New feature idea: create a "minimal" pip freeze option #8981

Open danielefundaro opened 4 years ago

danielefundaro commented 4 years ago

What's the problem this feature will solve? When I create the requirements file with the pip freeze command (pip freeze > requirements.txt) there are many packages, most of which are dependencies of other packages.

Describe the solution you'd like An additional option like pip freeze --min > requirements.txt which writes only the top-level packages needed in the project. I give an example.

I create a project and install the tensorflow and keras packages.
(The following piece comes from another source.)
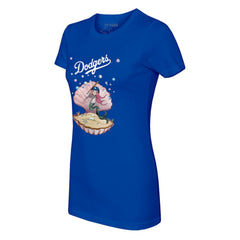 Los Angeles Dodgers Tiny Turnip Women's Mermaid T-Shirt - MLB T-shirts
What I would like is a command that only provides these 2 packages, because they already install the other required packages (their dependencies).
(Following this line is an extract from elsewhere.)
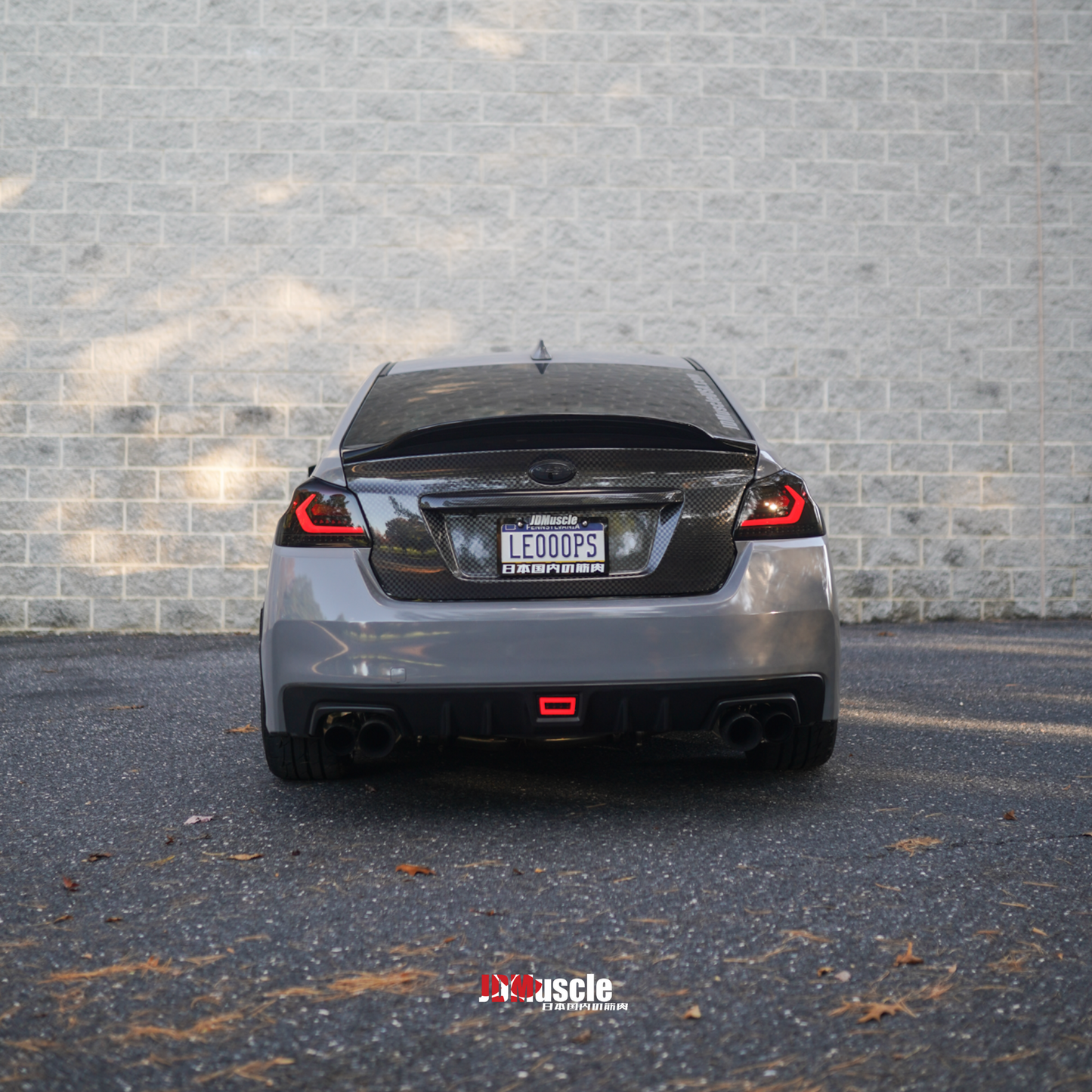 JDMuscle Gloss Black/ Paint Matched Trunk Duck Bill V3- 2015+WRX/STI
Current situation: pip install keras tensorflow && pip freeze > requirements.txt

requirements.txt file:

absl-py==0.10.0
astunparse==1.6.3
cachetools==4.1.1
certifi==2020.6.20
chardet==3.0.4
freeze==3.0
gast==0.3.3
google-auth==1.22.1
google-auth-oauthlib==0.4.1
google-pasta==0.2.0
grpcio==1.32.0
h5py==2.10.0
idna==2.10
importlib-metadata==2.0.0
Keras==2.4.3
Keras-Preprocessing==1.1.2
Markdown==3.3
numpy==1.18.5
oauthlib==3.1.0
opt-einsum==3.3.0
protobuf==3.13.0
pyasn1==0.4.8
pyasn1-modules==0.2.8
PyYAML==5.3.1
requests==2.24.0
requests-oauthlib==1.3.0
rsa==4.6
scipy==1.5.2
six==1.15.0
tensorboard==2.3.0
tensorboard-plugin-wit==1.7.0
tensorflow==2.3.1
tensorflow-estimator==2.3.0
termcolor==1.1.0
urllib3==1.25.10
Werkzeug==1.0.1
wrapt==1.12.1
zipp==3.3.0

With the new feature: pip install keras tensorflow && pip freeze --min > requirements.txt

requirements.txt file:

Keras==2.4.3
tensorflow==2.3.1

Additional context I wrote a simple python script that achieves this goal. Maybe this can help with development.

ei8fdb commented 4 years ago

Hi @DanieleFundaro To understand what the command syntax might need to be, can you help me understand why would you want to do that?

What would you want to do with that "minimal" requirements.txt file?

danielefundaro commented 4 years ago

Hi @ei8fdb

I write apps in python and in order to make them portable to my team, I create the requirements.txt file with the pip freeze command. What I would like to have is an additional command that makes me display only the packages that I really need to install, without having a list of all the packages. As I said before in the example, keras automatically installs other packages like h5py, scipy, pyyaml, numpy, so I just need to have only the keras package in the list of requirements, because the other packages will be installed automatically, since they are in the Keras requires section.

I hope I have clarified the ideas with this simple explanation.

groodt commented 4 years ago

This is probably the opposite of what I would expect from pip. 😄 I would hope that some day for pip to add real "lock-file" support of the transitive dependency closure, similar to pipenv or poetry.

Using pip freeze as you currently are is not recommended.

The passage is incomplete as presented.